1 (1 pound) whole chicken, cut into cubes
6 tablespoons butter, melted
1 onion, cut into small cubes
1 (1/2 teaspoon seasoning salt) teaspoon olive oil
1 (1 pound) package fresh mushrooms, sliced
1 (12 fluid ounce) can or bottle orange juice
1 (6 fluid ounce) can or bottle lemon-lime flavored carbonated beverage
1 (12 fluid ounce) can or bottle carbonated water
1 packet dry onion soup mix
1/2 cup chopped celery
1 cup chopped fresh parsley
Place chicken cubes in a large stock pot. Cook over medium heat 3 minutes on each side, or until chicken is no longer pink. Pour oil into pan; bring to a boil. Reduce heat to medium-low; cover, and simmer, stirring constantly, for 1 or 2 minutes. Stir in mushrooms, oil, and orange juice. Return chicken to pot; cook, stirring occasionally, for 1 or 2 minutes, until soup starts to thicken. Stir in lemon-lime soda. Reduce heat to medium, and cook, stirring constantly, for 3 to 4 minutes, or until thickened.

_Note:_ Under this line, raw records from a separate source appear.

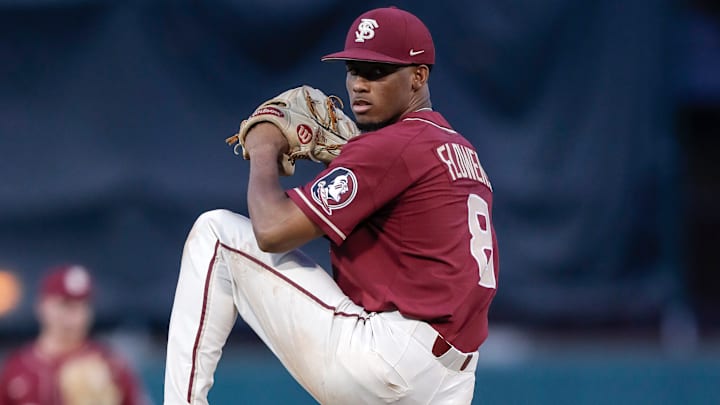 2019 Florida State Baseball Season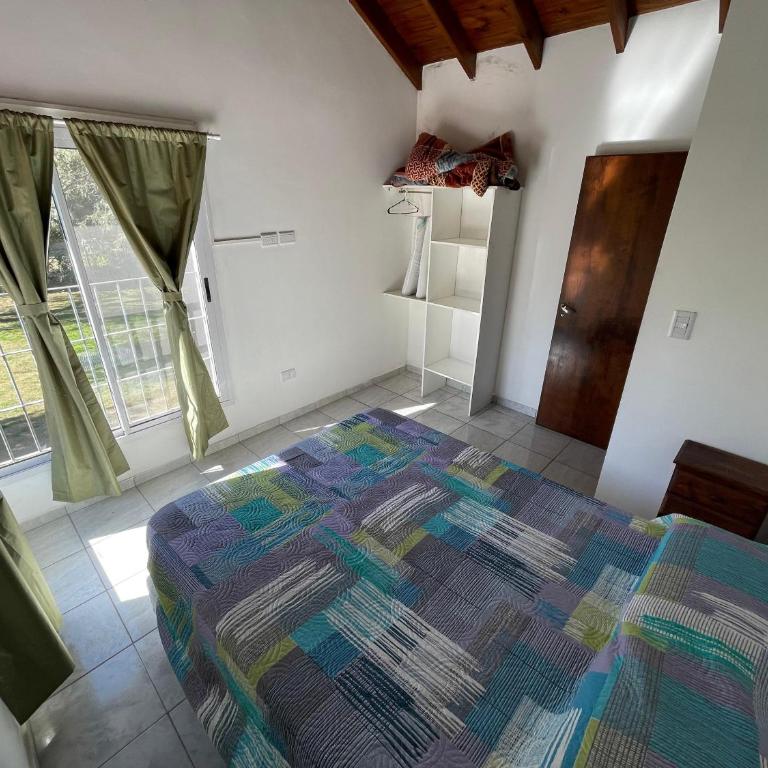 Cabaña La Vita - Casa de 2 dormitorios - 11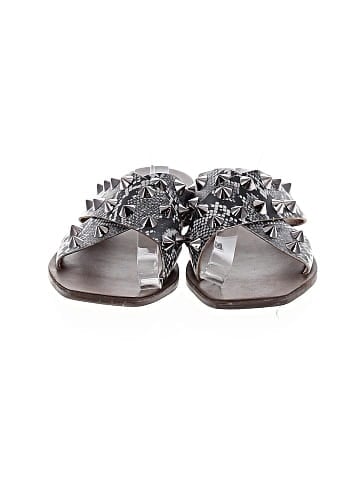 Steve Madden Sandals (view 2)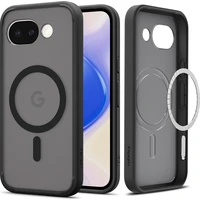 Spigen Ultra Hybrid MagSafe kryt Google Pixel 10a frost black - Pouzdra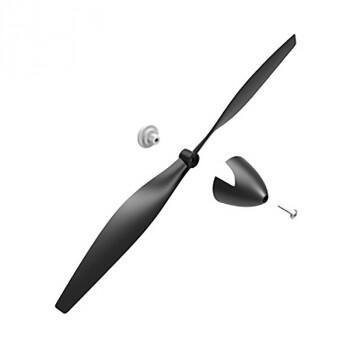 Volantex Trainstar Mini Propeller set compleet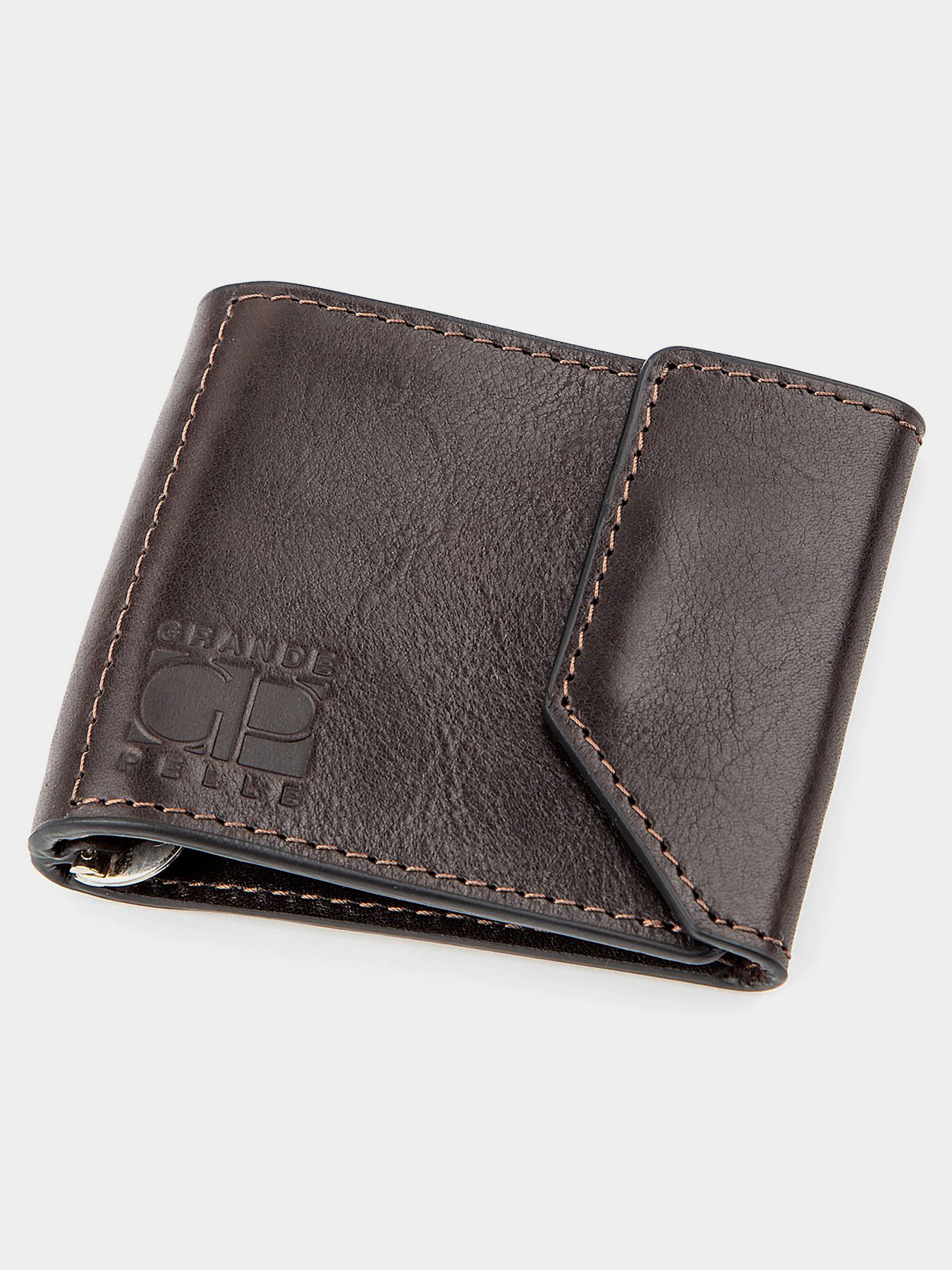 Портмоне Grande Pelle модель bag24_11150 Фото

Stir celery into pan; cook over medium heat 3 minutes, or until lightly browned. Stir in parsley. Pour chicken mixture into pan. Season with seasoning salt and olive oil. Cover, reduce heat, and simmer until chicken is no longer pink, about 15 minutes. Serve chicken over cooked rice or noodles.
I threw this recipe together fresh from the farmers market- it was delish! The whole family tried it, and I in particular enjoyed working with the fresh mushrooms. The smart thing is to freeze the dough before cutting it into 1/2 rectangles. Then whenever i'm making something new for supper, I always throw some freshly picked mushrooms on top. Yum!